Conforme a pesquisadora Ana Maria Costa, tudo começou há cerca de quinze anos, com a montagem de um banco de germoplasma com os 78 maracujás silvestres do Cerrado. O centro foi inaugurado em 2005, quando também iniciou a avaliação do potencial das espécies para uso alimentar e medicinal. Finalmente, ano passado foi aprovado um projeto com várias linhas de pesquisa e focado em quatro maracujás mais promissores. “Não conservamos aquilo que não damos valor. Por isso, para manter o Cerrado precisamos mostrar que ele tem valor se mantido em pé”, disse.
Daí os mais de cem especialistas de duas dezenas de universidades e centros de pesquisas dedicados a desvendar os segredos daquelas plantas, comestíveis mas ainda não exploradas comercialmente. A idéia é torná-las “alimentos funcionais”, ou seja, que tragam benefícios para saúde humana. Para isso, o trabalho ajudará a saber se o consumo diário e em quantidade adequada dos maracujás funcionará no dia-a-dia e não apenas em laboratório. “Para ser funcional, o alimento deve ser elaborado de forma correta e consumido na quantidade certa para surtir o efeito desejado”, explicou Ana Maria, da Embrapa Cerrados.

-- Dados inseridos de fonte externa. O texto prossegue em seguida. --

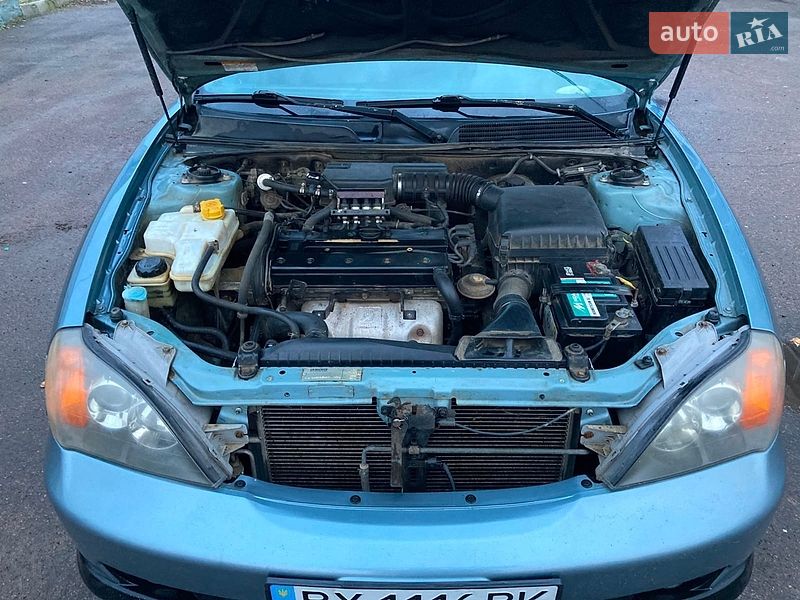 Седан Chevrolet Evanda 2005 в Рівному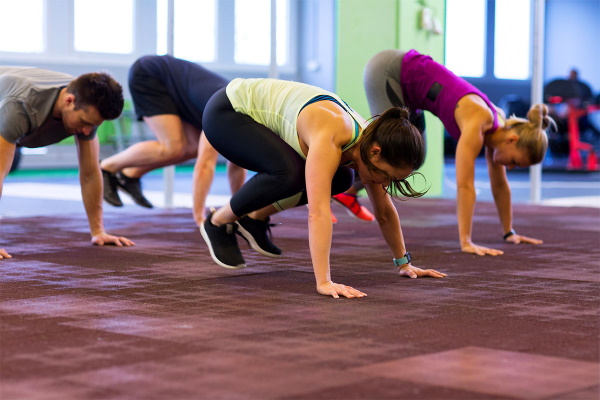 Burpee. Comment faire pour les débutants, technique, exercices, programme d'entraînement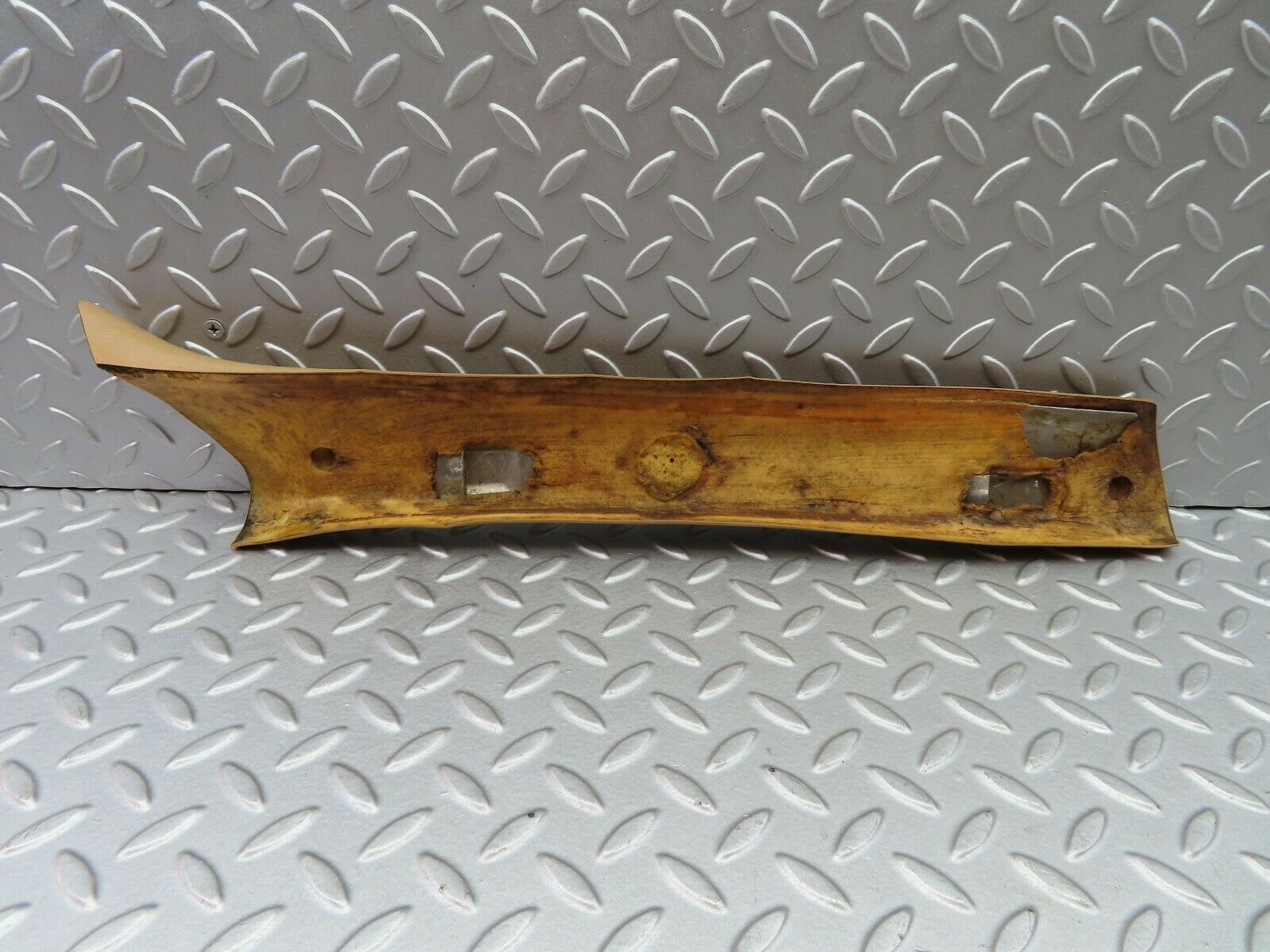 6136 Mercedes-Benz W126 380SE A Pillar Cover Left Side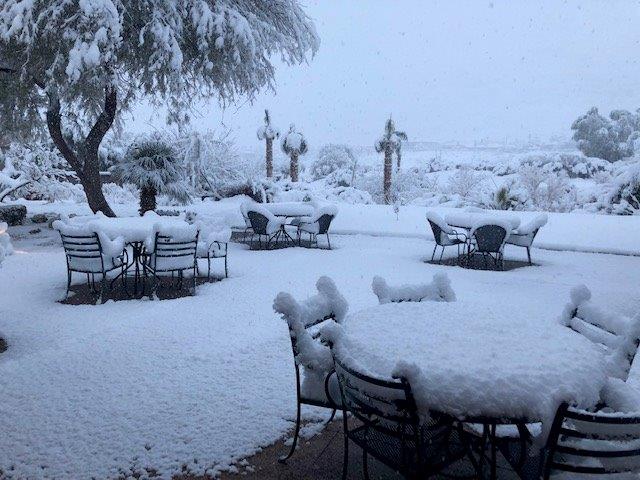 PTI_Golf_Mgmt's tweet photo. Ugh! It's so hot...But at least we can golf :) #lasvegas #snow https://t.co/TtilbGmnmS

A validação da pesquisa em pessoas estará pronta em até dois anos e conta com equipes médicas de diferentes instituições brasileiras, como o Instituto do Coração, ligado à Universidade de São Paulo (USP). Os pesquisadores estão elaborando produtos a serem industrializados já com a quantidade necessária dos maracujás estudados. São sucos, bolos e uma linha de lácteos. Tudo com sabor e cheiro muito agradáveis. Mas, para isso, a produção das frutas não poderá depender apenas do extrativismo.
Do laboratório à produção
Garantir a produção com qualidade e em quantidade suficiente para atender o mercado é um desafio e tanto. É preciso identificar como ocorre a polinização das plantas e a “quebra da dormência” de suas sementes, desenvolver os elos entre produtores, transporte, processamento e consumo. O time de especialistas já está montando parcerias com indústrias interessadas em produção comercial.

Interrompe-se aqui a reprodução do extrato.